III. NUMEROUS AMERICAN BAR ASSOCIATION RESOLUTIONS AND POLICIES SUPPORT ELECTION ADMINISTRATION ISSUES
The ABA has a long history in providing insight and advice on matters pertaining to the administration of elections. The promotion of statewide ballot counting standards is an extension of these efforts by the ABA.
In 1989, the ABA adopted the Ballot Integrity Standards Applying to Election Officials (Standards). The Standards addressed proposed rules and guidelines for voter registration, absentee voting, Election Day officials, ballot integrity, and guidelines for poll watchers. The Standards encouraged bar associations to encourage attorneys to serve as election officials, and for bar associations to assign attorneys to assist with programs that ensure the integrity of the election process.
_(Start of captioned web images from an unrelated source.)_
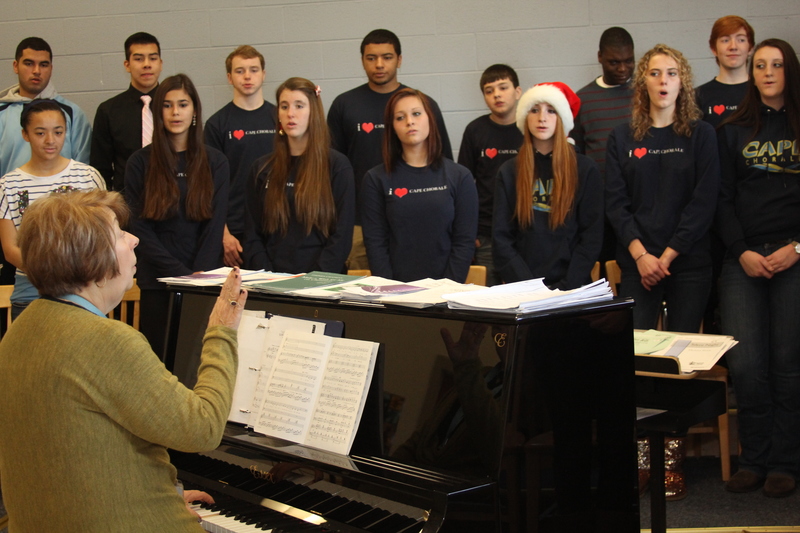 Cape chorale director Louise Foster directs her group through a holiday song. Pictured singing in the back row are (l-r) Austin Brooks, Joel Torres, Andy Maglione, Marcus Davis, Zane Daddoya, Jeremiah Sturges and Ben Wiswell. In front are Mariko Daisey, Ashley Avelleyra, Kaitlin Philcox, Nora Carle and Morgan Vezmar. BY MELISSA STEELE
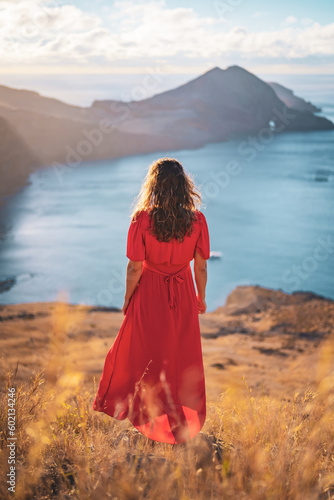 Back view of a woman in red dress standing on a rock on a volcanic island in the Atlantic Ocean in the morning. São Lourenço, Madeira Island, Portugal, Europe.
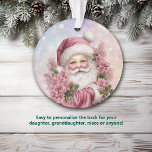 Adorno Nieta Navidades rosados Rose Bouquet Santa<br><div class="desc">¡Aquí hay un adorno navideño para esa nieta, hija o sobrina especial! Una imagen clásica de Santa Claus se ve vestida de rosa y asomada a un ramo de rosas rosas. La imagen se coloca en un fondo de color rosa y lavanda. La parte posterior del ornamento tiene el mismo...</div>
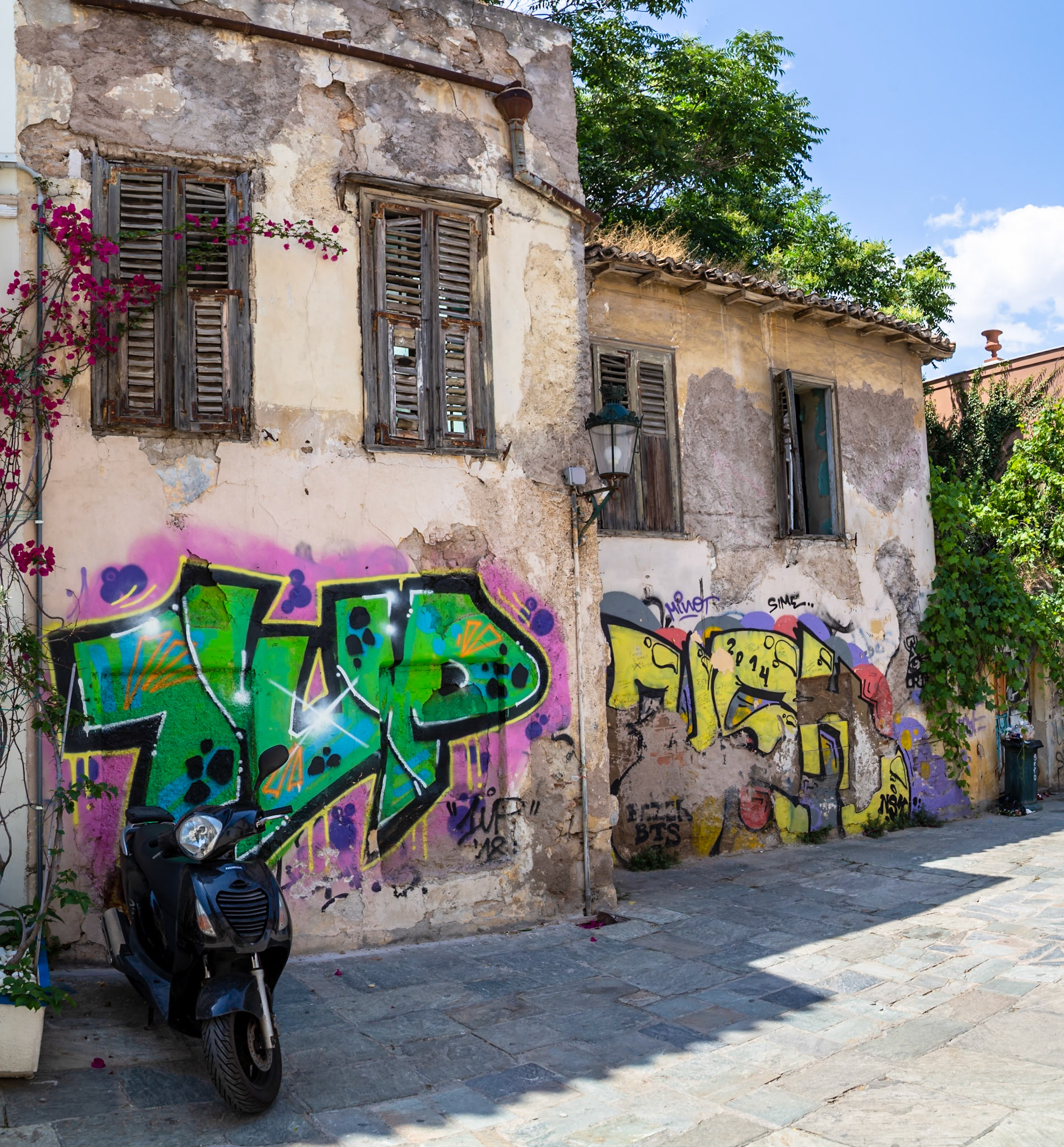 Athens, Greece - May 23rd 2018: A black scooter is parked in front of a graffiti-covered building. The graffiti is likely art, or vandalism.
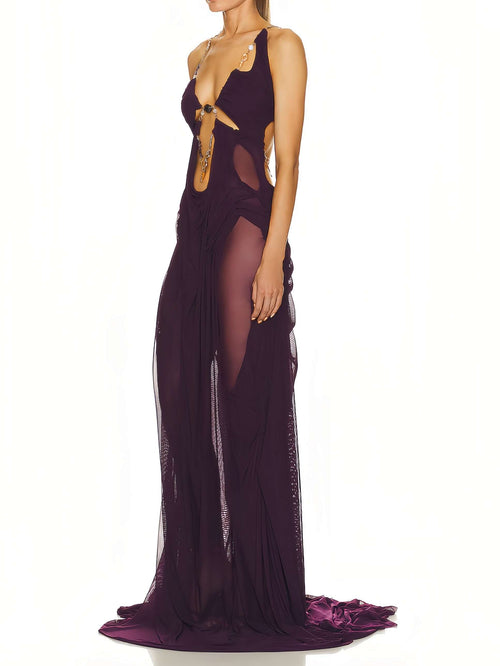 Model displaying right side of modena Venus gown, sheer fabric flow.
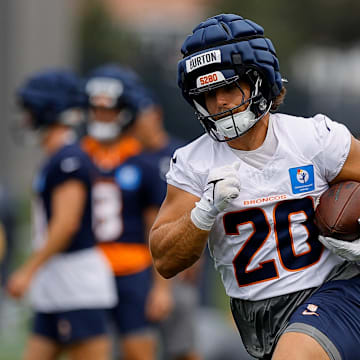 Jul 26, 2024; Englewood, CO, USA; Denver Broncos fullback Michael Burton (20) during training camp at Broncos Park Powered by CommonSpirit. 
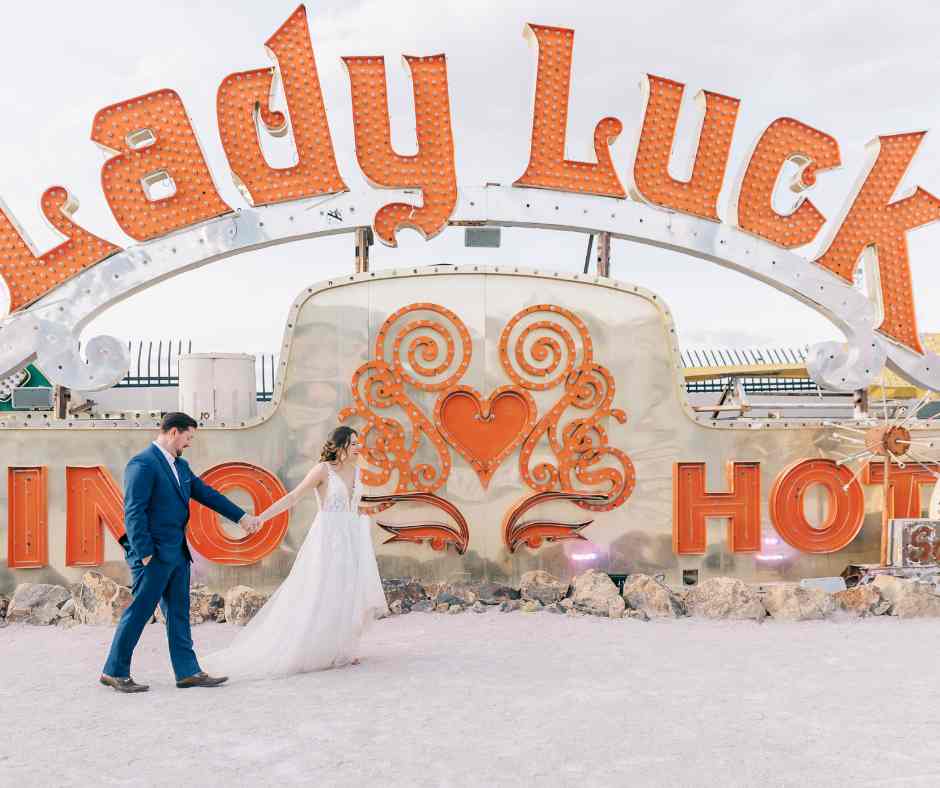 Couple de mariés marchant main dans la main devant l’enseigne vintage Lady Luck au Neon Museum de Las Vegas, photo Pretty Day.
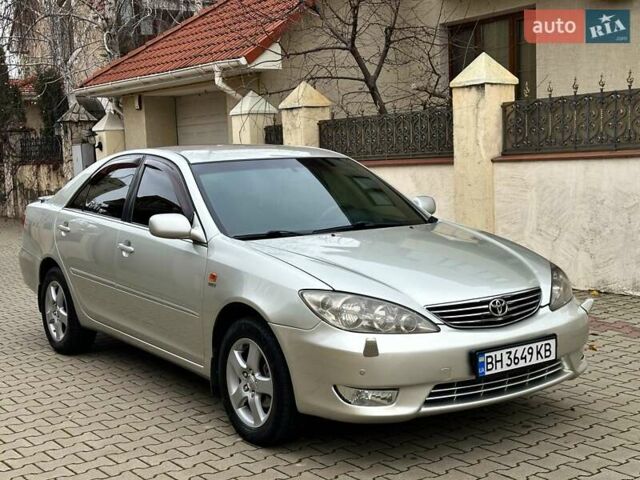 Серый Тойота Камри, объемом двигателя 2.36 л и пробегом 257 тыс. км за 8300 $, фото 31 на Automoto.ua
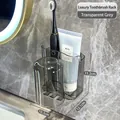 Smoky grey wall-mounted toothbrush holder and cup set measuring 11.2 x 12.1 x 10.3 CM - Transparent Grey Storage Rack + Cup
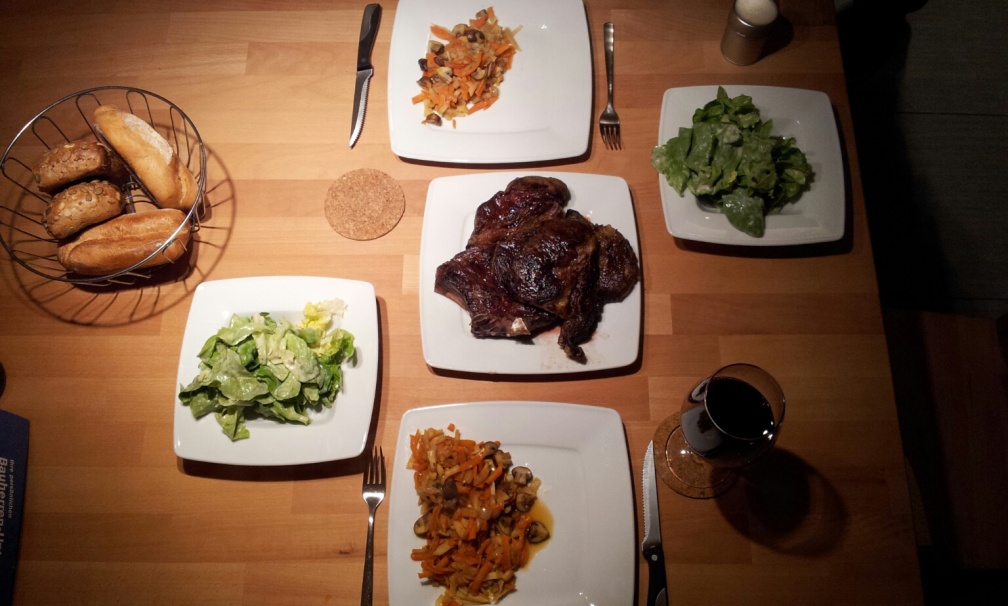 Steaks, Gemüse, Salat und Brötchen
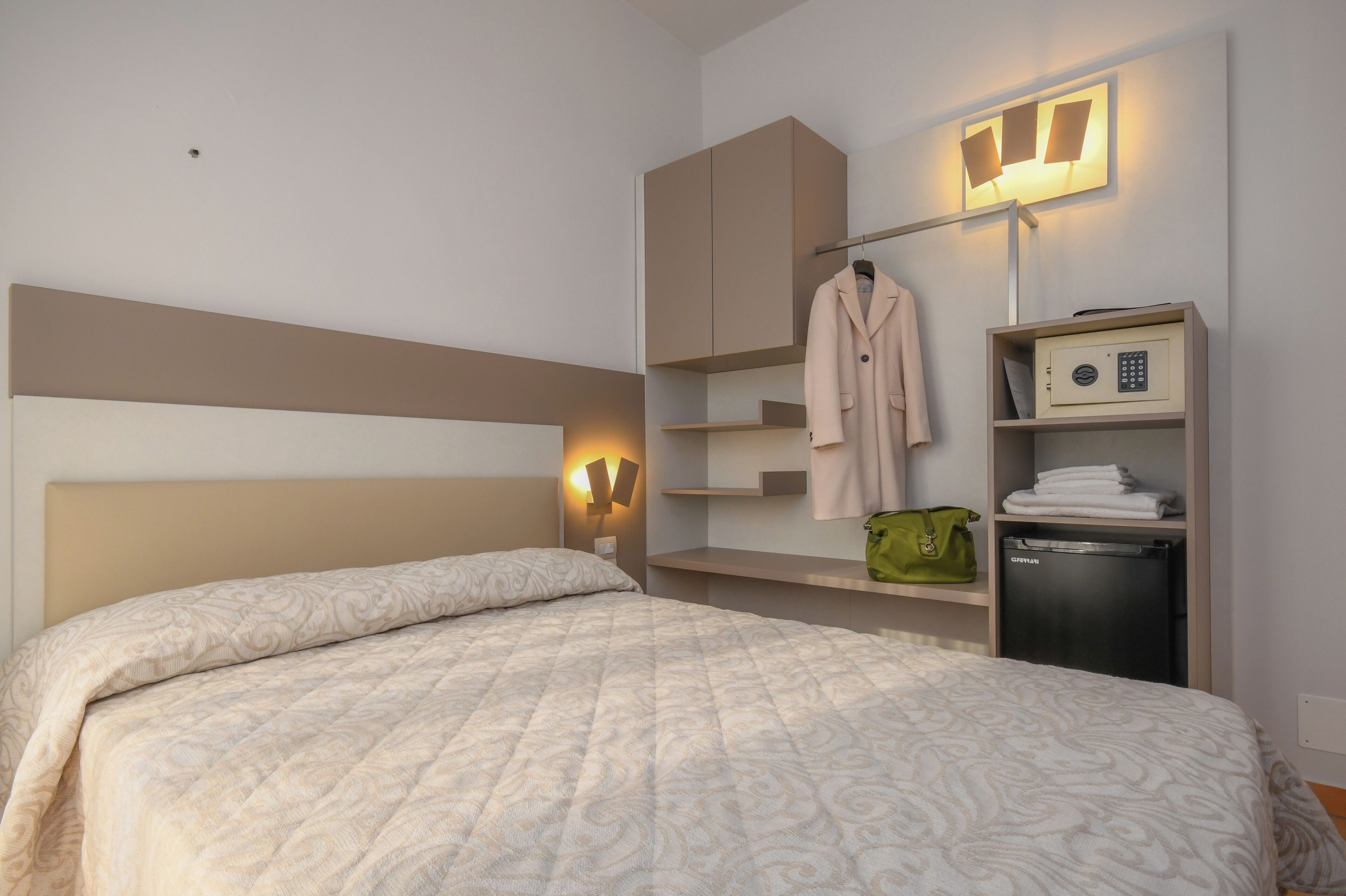 A neatly made bed with a patterned bedspread, a wardrobe with a hanging coat, a shelf with folded towels, and a small refrigerator.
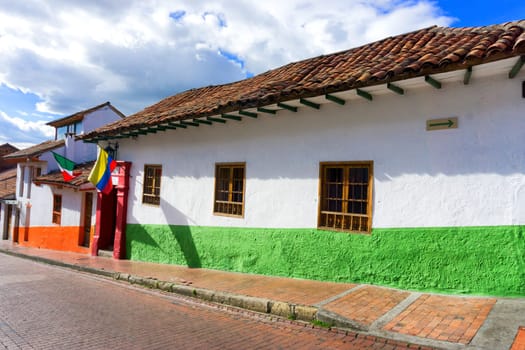 Colonial street with Colombian and Mexican flags in La Candelaria neighborhood in Bogota, Colombia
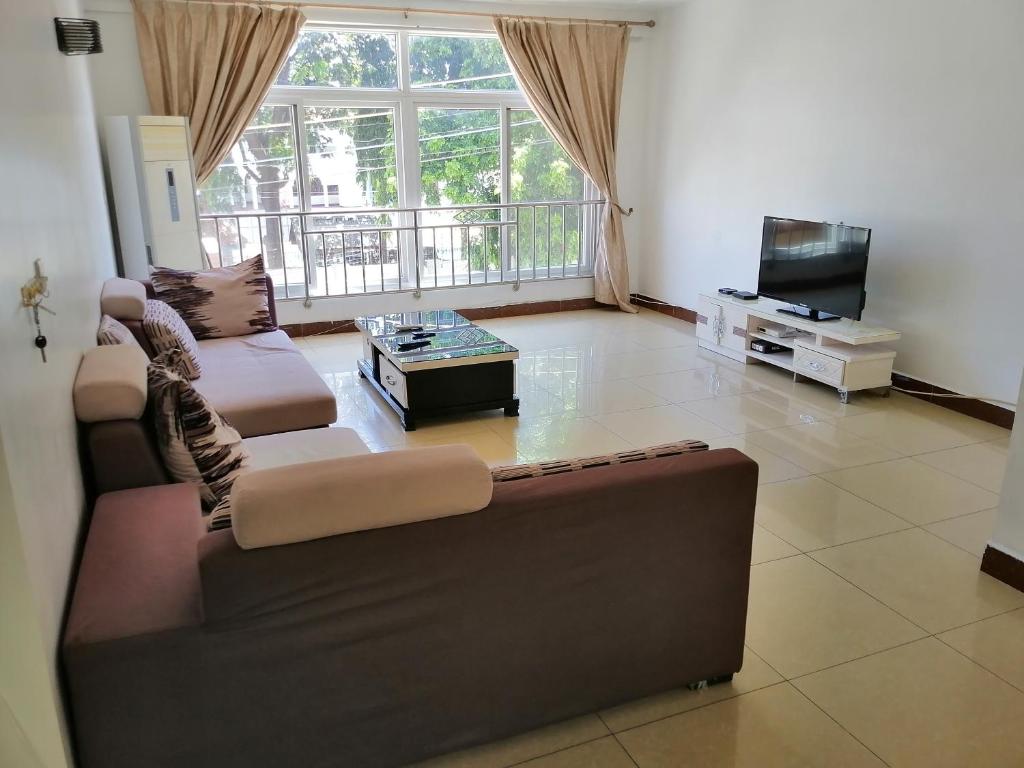 a living room with a couch and a tv at Deluxe Rooms in Shared Apartments in Dar es Salaam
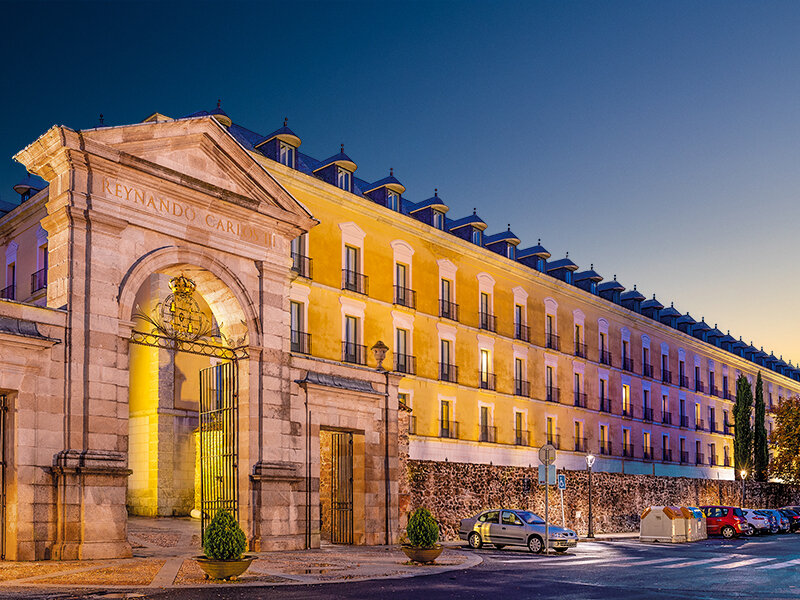 Puerta de piedra histórica iluminada ante un edificio amarillo largo al atardecer, con coches aparcados.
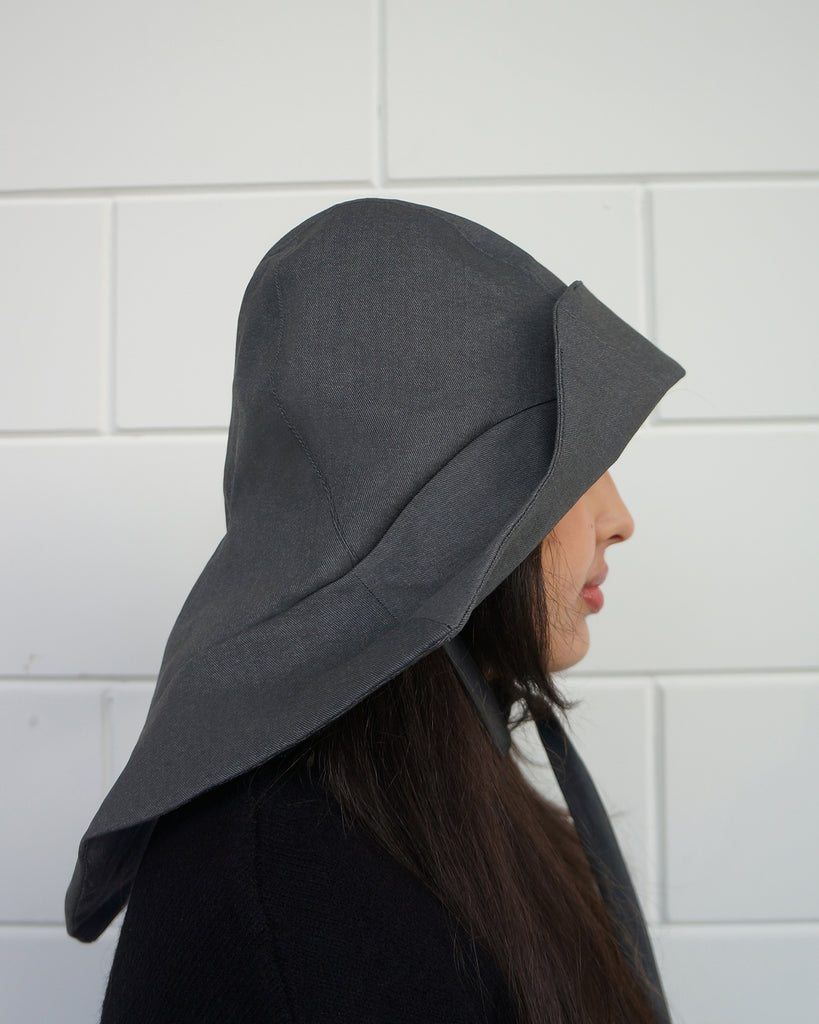 side view Person wearing a denim, waterproof rain hat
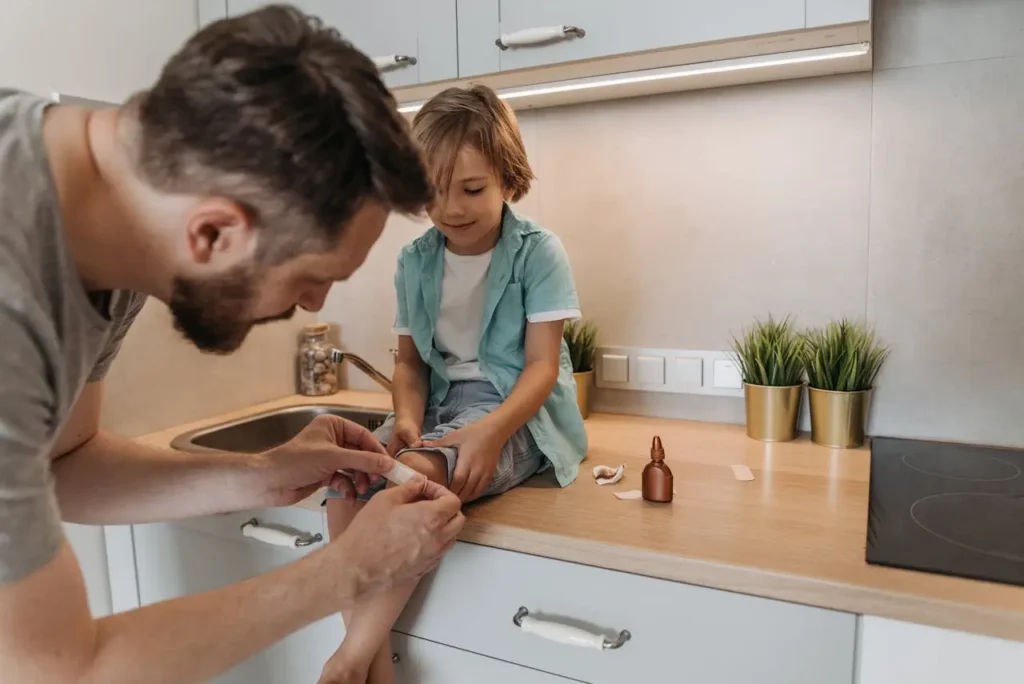A man with a beard, wearing a white t-shirt and light blue shirt, is kneeling to apply a small bandage to the knee of his young son, who is sitting on a kitchen counter. The boy is smiling, showing comfort and trust during the injury care.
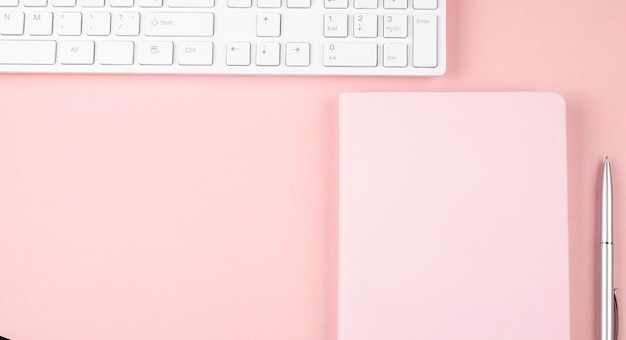 Roze bureau met toetsenbord en notebook. bovenaanzicht met kopieerruimte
Because of the widely reported issues in the 2000 presidential elections, the ABA adopted the Election Administration Guidelines in August 2001 (the 2001 Guidelines). The 2001 Guidelines addressed voting education and rights, voter registration, ballot integrity and post-election issues.
In August 2005, the American Bar Association adopted the Election Administration Guidelines and Commentary resolution to supplant the Standards and the 2001 Guidelines (Current Guidelines). The Current Guidelines were updated again in 2008 and 2009 to respond to problems that emerged in administration of subsequent elections. The ABA has recommended that all election officials ensure the integrity of the election process through the adoption, use, and enforcement of the Current Guidelines. Further, the ABA urges federal, state, local and territorial government provide adequate funding to ensure the integrity and efficiency of the electoral process.
In addition to the ABA’s support for election administration in general, the ABA has adopted a number of resolutions that pertain to voting rights for several specific groups of people, such as in 1992 for people living in U.S. territories to be able to vote in national elections, in 1993 to ensure the participation of homeless persons in elections, and in 2007 to improve the administration of elections to facilitate voting for people with disabilities.
Further, the ABA has addressed ballot integrity not just in both the Standards and the Current Guidelines, but also in resolutions regarding use of provisional ballots. Beginning in 1974, and subsequently, the ABA adopted resolutions regarding voter registration, improved opportunities to vote, and to support voter education.
The statewide ballot counting laws or regulations urged by this Resolution for adoption by states and territories as soon as practicable will continue to advance the rule of law and ensure greater clarity in election results.